* **The problem**:
Please transcribe every record below exactly, leaving out the pictures.

(Image-caption web data)
* * *

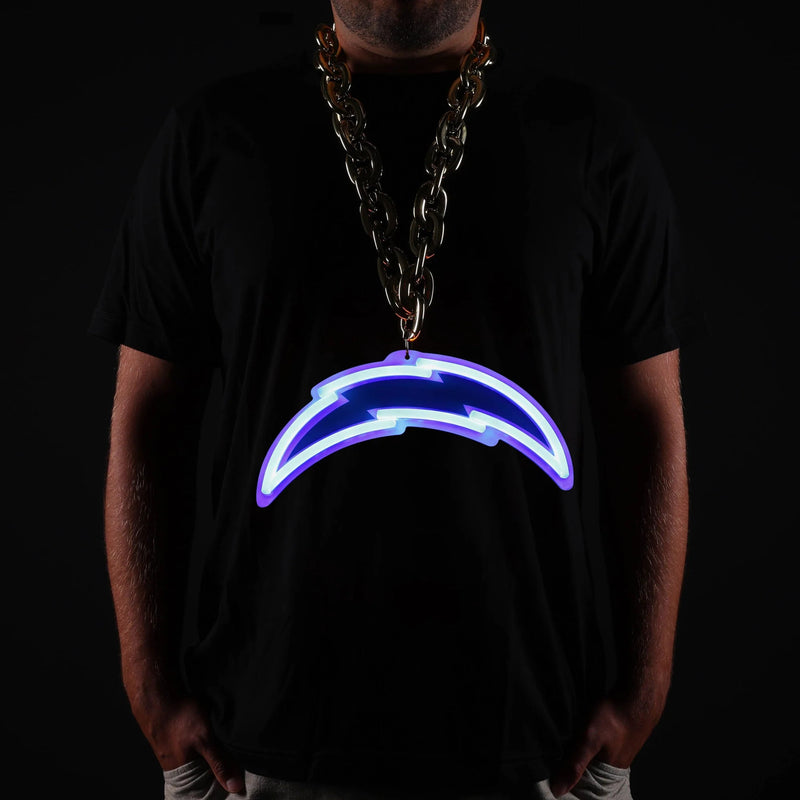 NFL Fan Chain, Big Neon Light Up Team Logo - Los Angeles Chargers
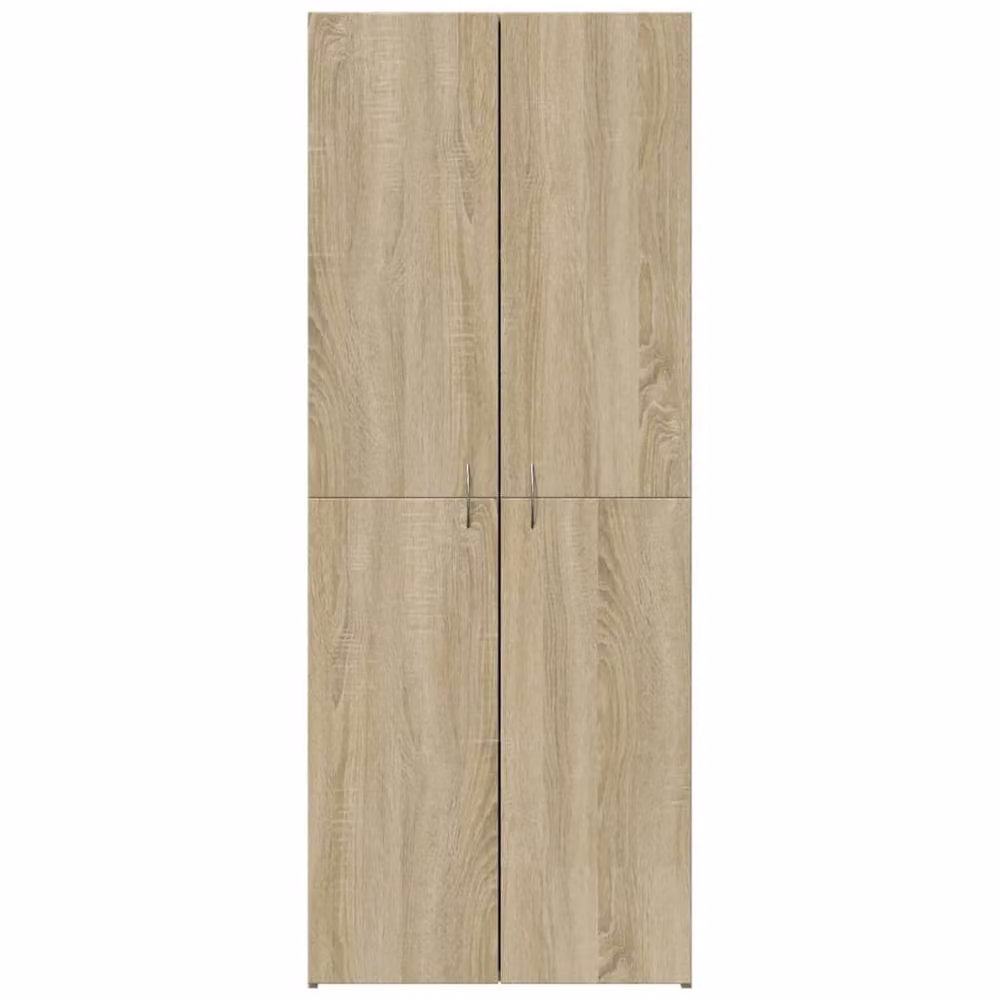 Berkfield Home Sonoma Oak File Cabinet in Beige, W/D/H: 60 x 32 x 153 cm – 2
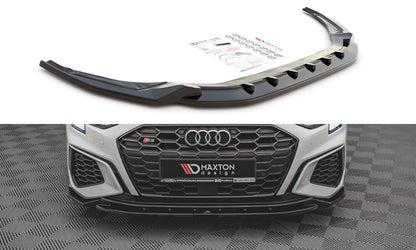 Frontlippe V.2 passend für Audi S3 / A3 S-Line 8Y schwarz Hochglanz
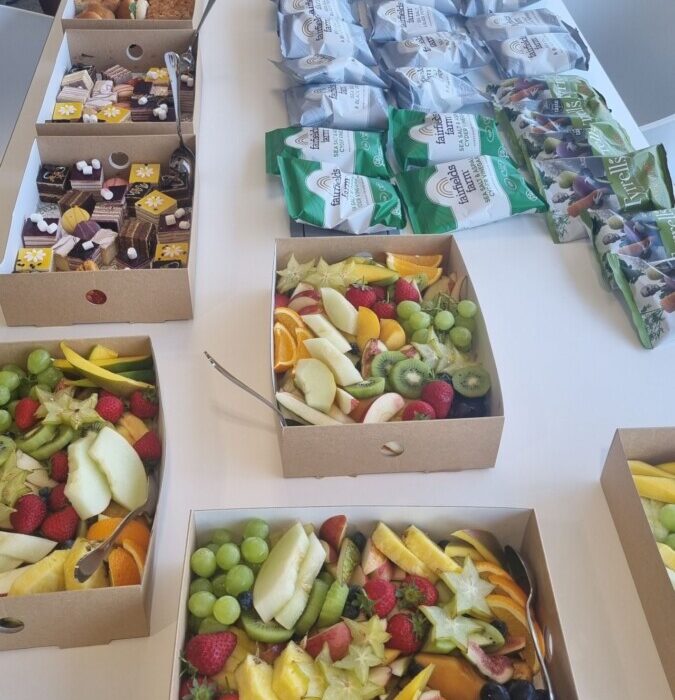 selection of the buffet food we had at our london event about ecommerce marketing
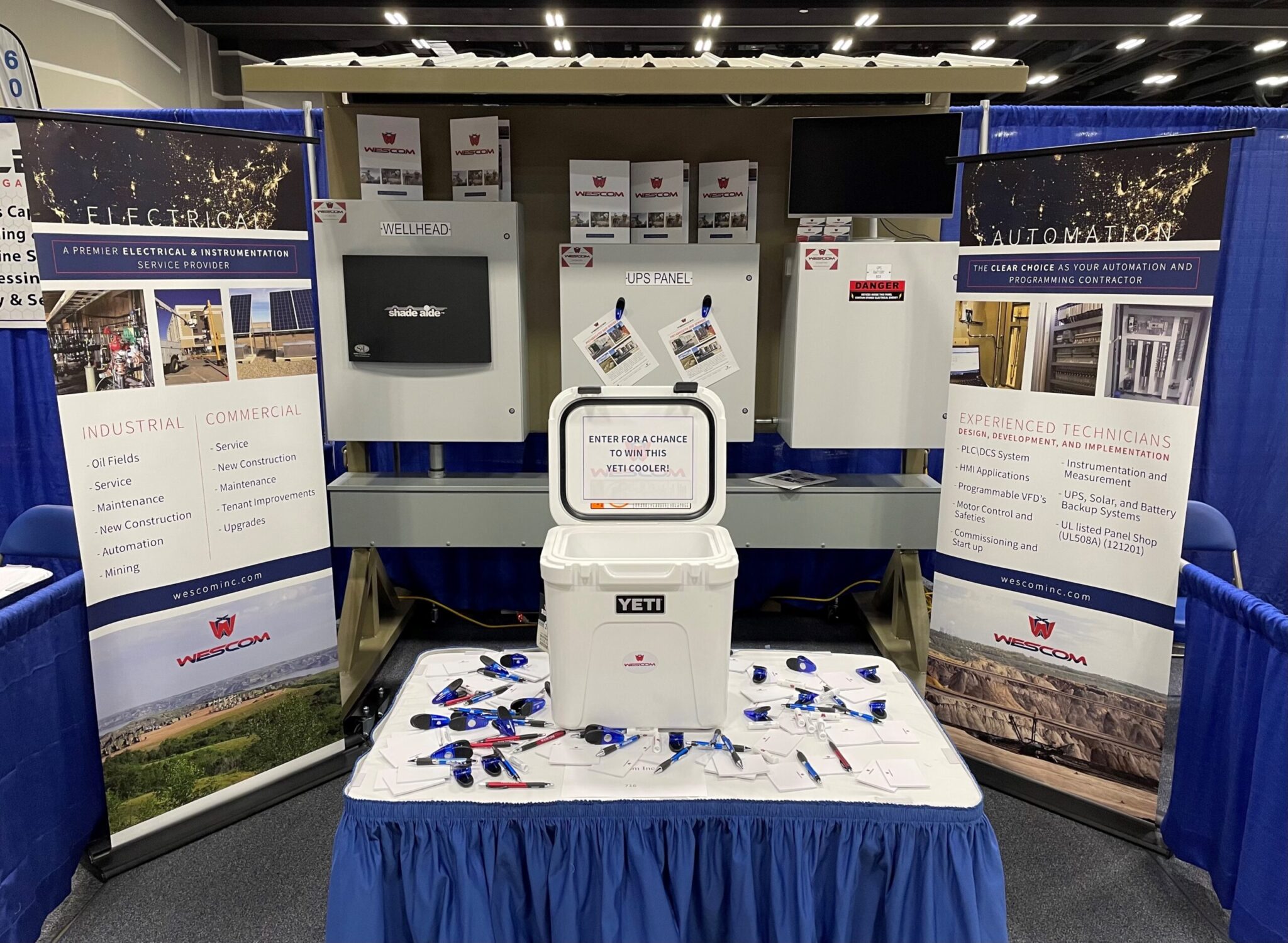 event booth at Williston Basin Petroleum Conference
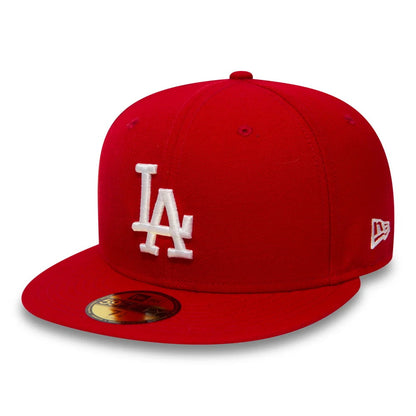 Casquette 59FIFTY MLB League Basic L.A. Dodgers rouge NEW ERA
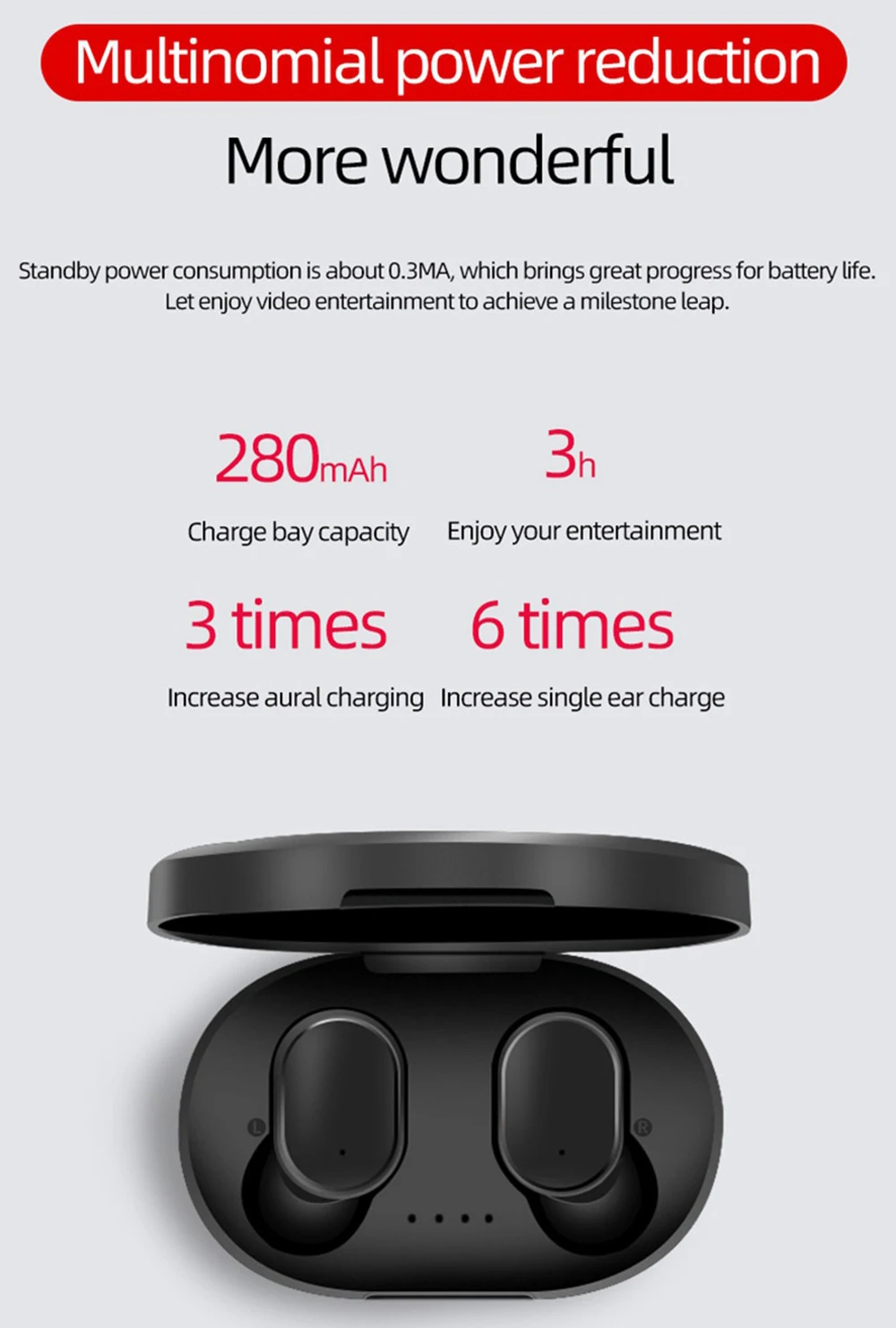 Wireless Earphone For Xiaomi Redmi Airdots Earbuds Bluetooths 5.0 TWS Headset Noise Cancelling Mic for iPhone Huawei Samsung A6S - ANKUX.COM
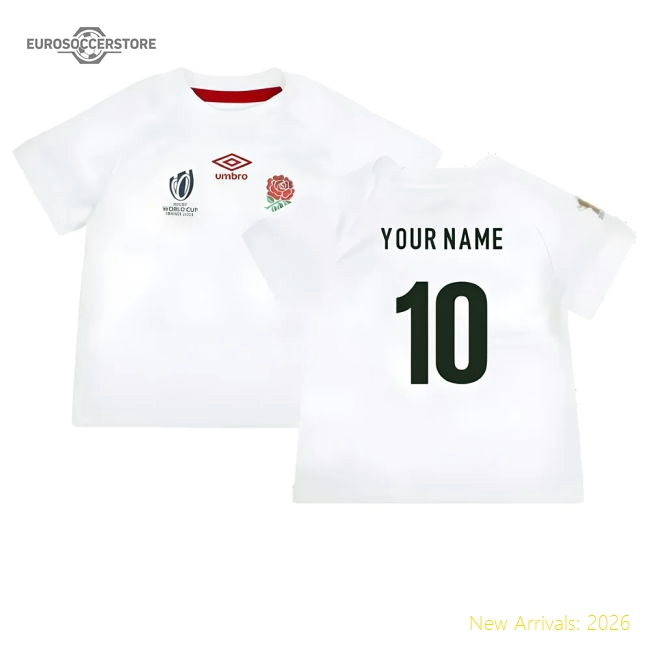 England RWC 2023 Home Replica Rugby Baby Kit (Your Name)-Football Jersey Hub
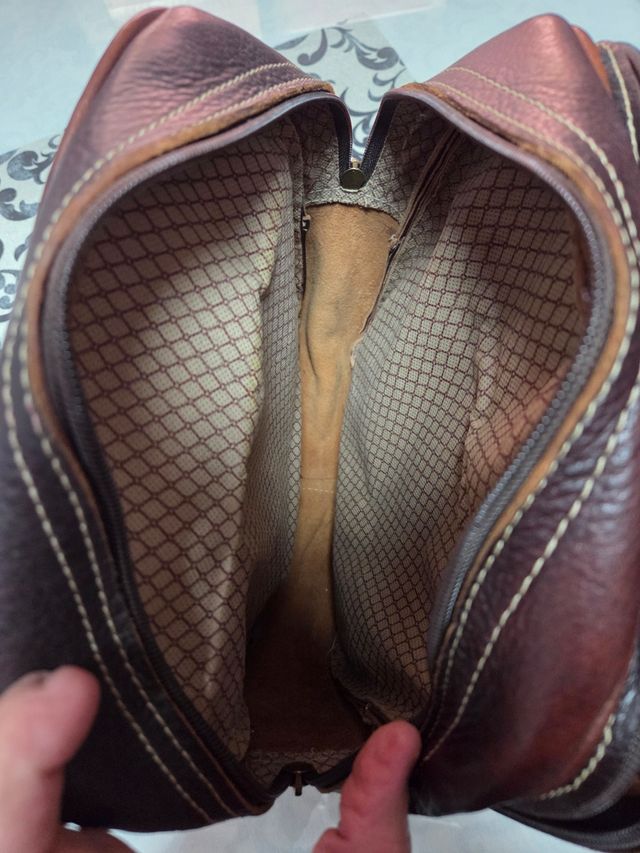 Mochila Marrón cuero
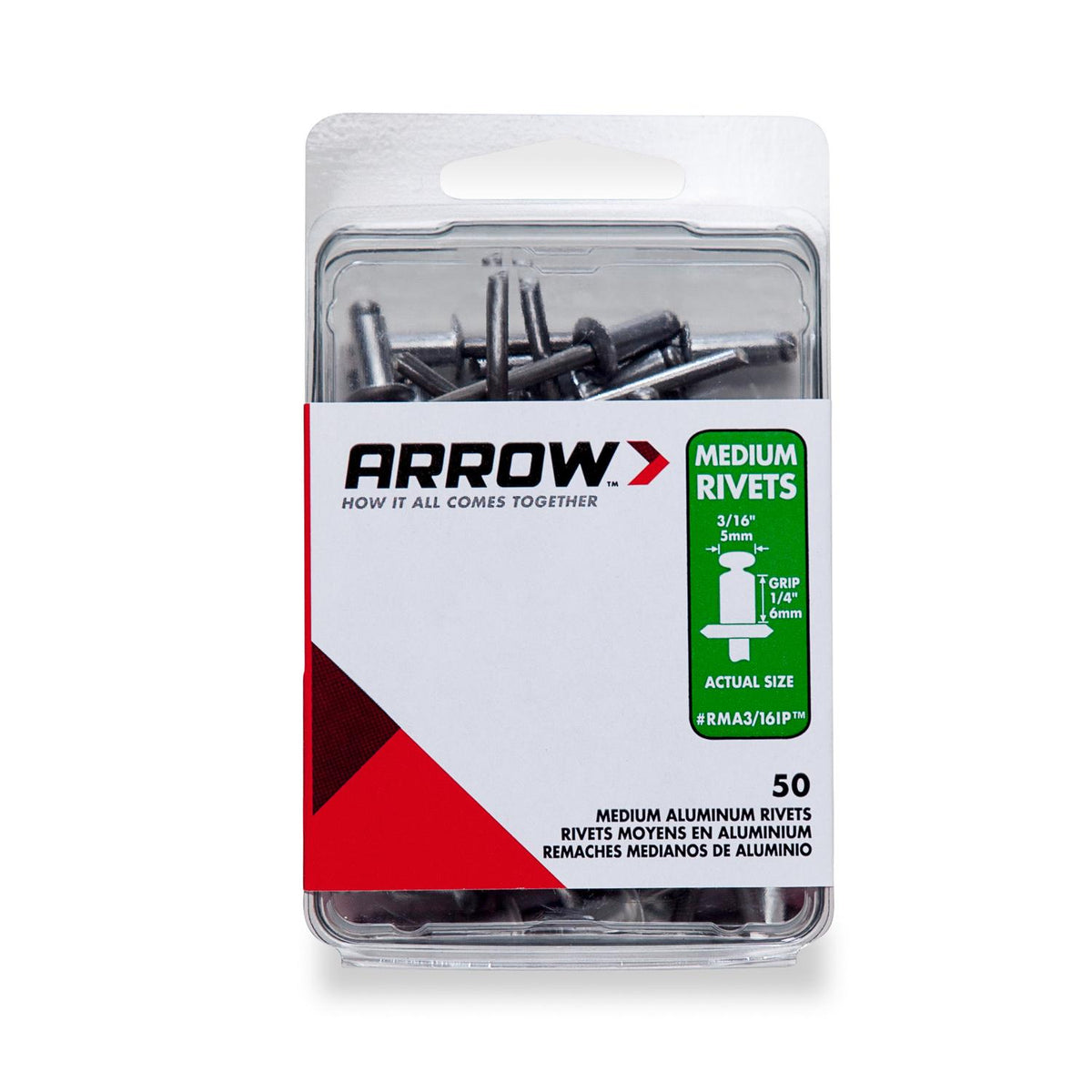 Rvt Al 3/16"X1/4" 50Pk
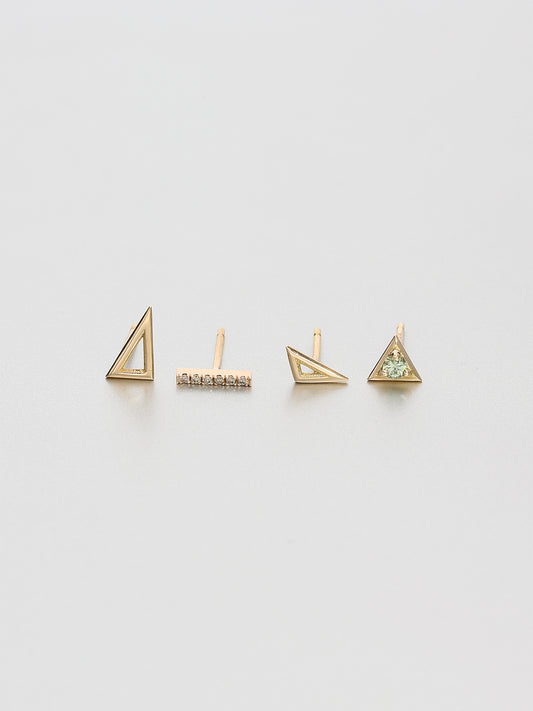 Vertex Stud Earrings, Rose gold 3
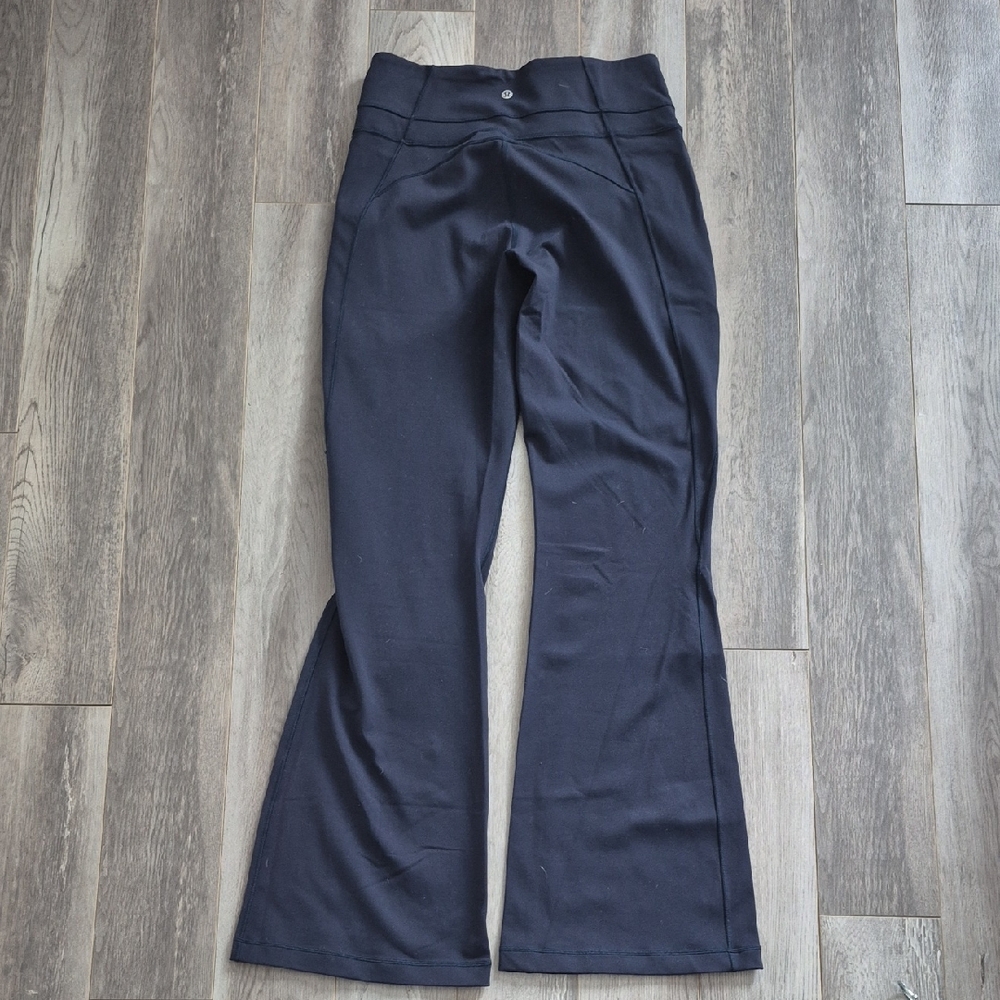 Navy Flared Lulu Lemon Yoga Pants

* * *

* **Written response**:
 NFL Fan Chain, Big Neon Light Up Team Logo - Los Angeles Chargers
 Berkfield Home Sonoma Oak File Cabinet in Beige, W/D/H: 60 x 32 x 153 cm – 2
 Frontlippe V.2 passend für Audi S3 / A3 S-Line 8Y schwarz Hochglanz
 selection of the buffet food we had at our london event about ecommerce marketing
 event booth at Williston Basin Petroleum Conference
 Casquette 59FIFTY MLB League Basic L.A. Dodgers rouge NEW ERA
 Wireless Earphone For Xiaomi Redmi Airdots Earbuds Bluetooths 5.0 TWS Headset Noise Cancelling Mic for iPhone Huawei Samsung A6S - ANKUX.COM
 England RWC 2023 Home Replica Rugby Baby Kit (Your Name)-Football Jersey Hub
 Mochila Marrón cuero
 Rvt Al 3/16"X1/4" 50Pk
 Vertex Stud Earrings, Rose gold 3
 Navy Flared Lulu Lemon Yoga Pants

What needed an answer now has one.